1988 yılına kadar düğün salonlarında ve eğlence mekanlarında sahne alan Akdoğan, daha sonra 5 yıl önce vefat eden kardeşi Mehmet Akdoğan ile birlikte Şahinbey ilçesi tarihi Bey Mahallesi’nde açtığı iş yerinde müzik enstrümanlarının yapımının yanı sıra tamir, bakımı ve satışını yapmaya başladı.


1964 yılında başladığı 61 yıllık müzik hayatı boyunca 20’inin üzerinde müzik enstrümanı çalan, müzik evi işleten ve yıllarca müzisyenlik yaparak geçimini sağlayan Akdoğan, müziğe olan sevgisini hala canlı tutuyor.


Çocukluk yıllarında tanıştığı müzik enstrümanlarının satışını yaptığı iş yerinde vakit geçirerek ud, saz, bağlama ve cümbüş çalan, müzikseverlere de ücretsiz dersler veren Akdoğan, ilerleyen yaşına rağmen ilk günkü heyecanla müziğe olan tutkusunu kaybetmeden yaşamını sürdürüyor.
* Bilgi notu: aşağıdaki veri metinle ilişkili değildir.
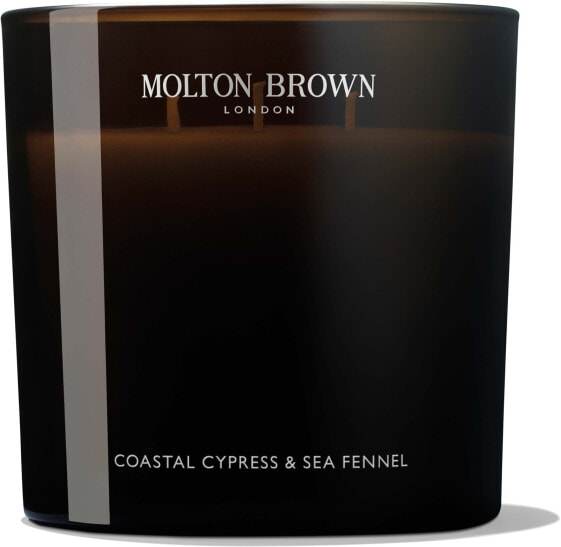 Coastal Cypress & Sea Fennel Luxury Scented Candle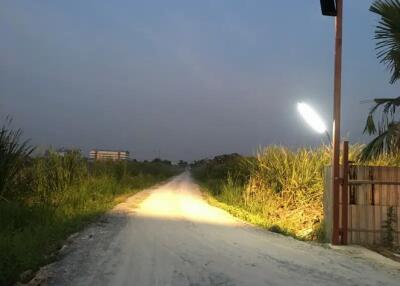 Dirt road leading to property with adjacent greenery and a street light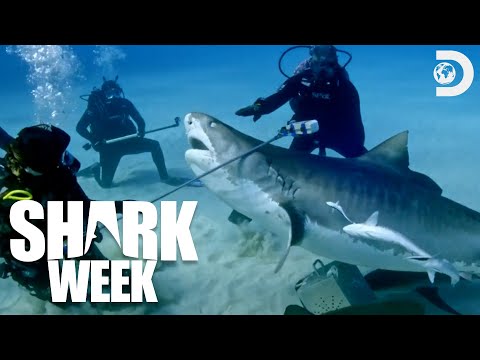 Researching a Chaotic Shark Feeding Frenzy | Shark Week (2024) | Discovery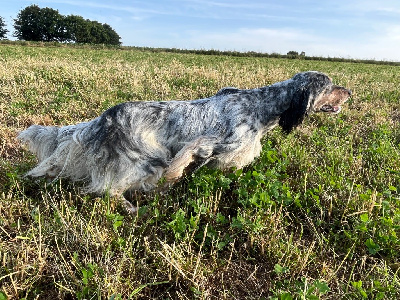 Étalon Setter Anglais - Tyson de l echo de la foret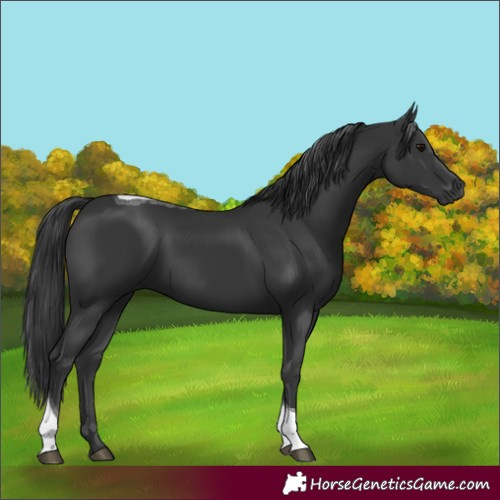 Horse Color:Black Tobiano 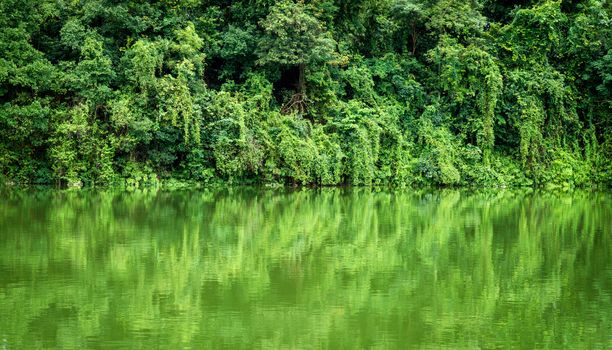 Rainforest or Tropical jungle with river and water background in Trat province, Thailand.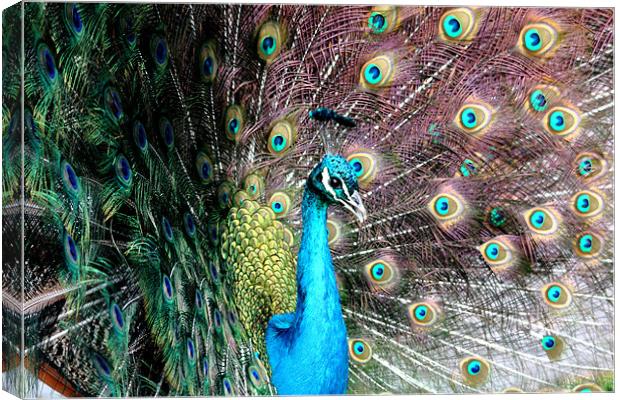 Peacock Canvas Print by Selena Chambers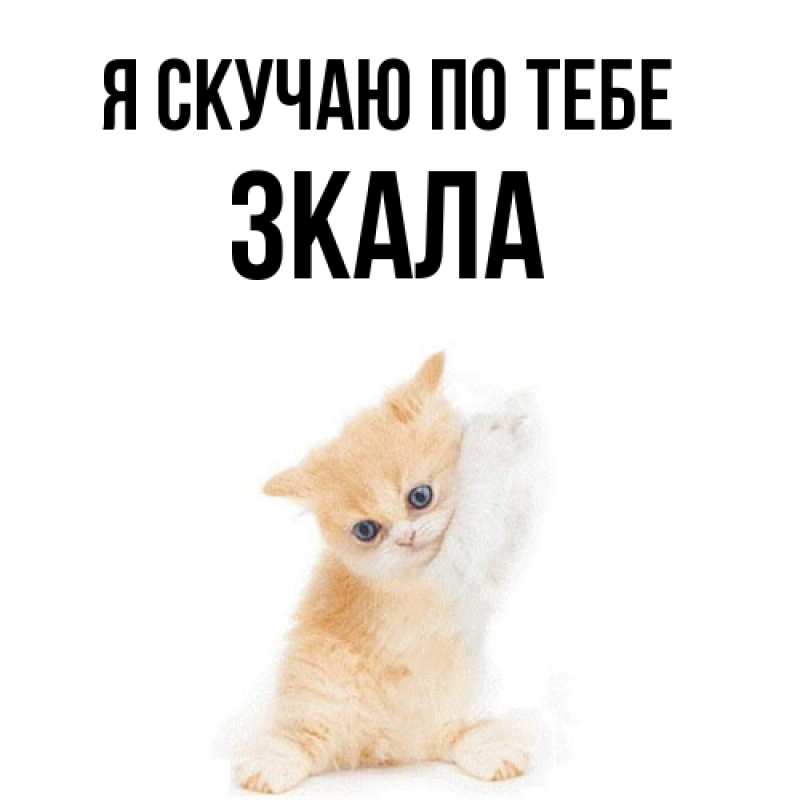 Картинка Я скучаю по тебе, ЗКАЛА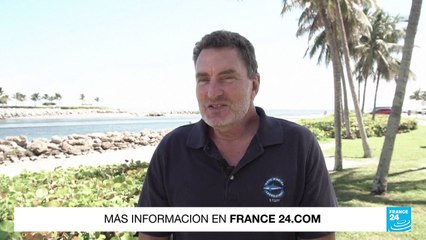 El mero gigante está en peligro debido a la retoma de su pesca en las aguas de Florida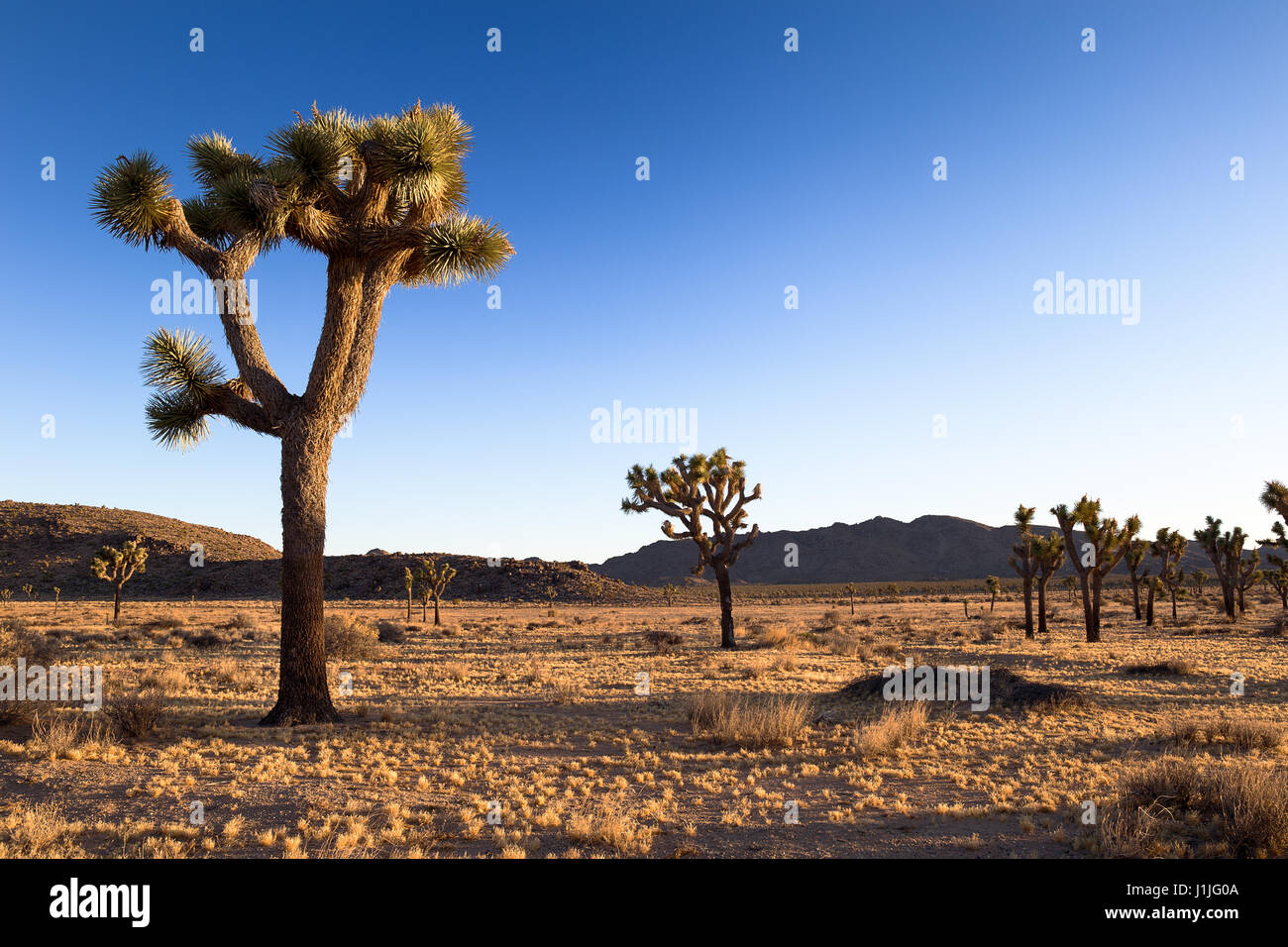 Joshua Tree National Park, California scenic desert landscape Stock Photo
İlkokulda eğitim gördüğü 1960’lı yıllarda bağlama çalmayı öğrendiğini anlatan Akdoğan, "11 yaşında rahmetli ağabeyim bana Konya’dan gelirken bir bağlama almasıyla müzik hayatım başladı. Daha sonra 14-15 yaşında profesyonel olarak gitar çalmaya başladım. 1983 yılında bu iş yerinin mülkiyetini aldım ve bu işletmeyi çalıştırmaya başladım. O zamana kadar sahnede bağlama çaldım, gitar çaldım. Ondan sonra 1988’de sahneyi bıraktığım zaman yani profesyonellik hayatımı bırakıp iş hayatına atıldığımda biraz da müzikten kopma gibi bir durum oldu. Ondan sonra da ud ve cümbüş çalmaya başladım ve ticaret hayatımız başladı. Büyük firmaların bayiliğini aldım. Büyük bir faaliyet gösterdim. Daha sonra kardeşim ile beraber çalıştık ve bugüne kadar geldik" dedi.
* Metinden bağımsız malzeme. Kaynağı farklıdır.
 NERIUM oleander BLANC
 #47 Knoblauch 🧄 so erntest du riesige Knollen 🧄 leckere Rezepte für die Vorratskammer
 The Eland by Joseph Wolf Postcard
Müzikseverlere ücretsiz dersler verdiğini belirten Akdoğan, "Bunun yanında da enstrüman satışlarım var. Enstrüman satışlarımın bir kısmını yapabiliyorum. Enstrümanların bir kısmını tamir edebiliyorum ve burada faaliyetim devam ediyor. 42-43 yıldır da buradayız. Çalışmaya devam ediyorum. Her gün sabahları işime yürüyerek geliyorum, yürüyerek gidiyorum. Elhamdülillah sağlık sıhhatim iyi. İşimi de seviyorum. Tabi birçok öğrenci de yetiştirdim. Öğrencilerimin arasında doktorlar var. Öğrencilerimin arasında büyük şöhrete sahip olanlar da var" şeklinde konuştu.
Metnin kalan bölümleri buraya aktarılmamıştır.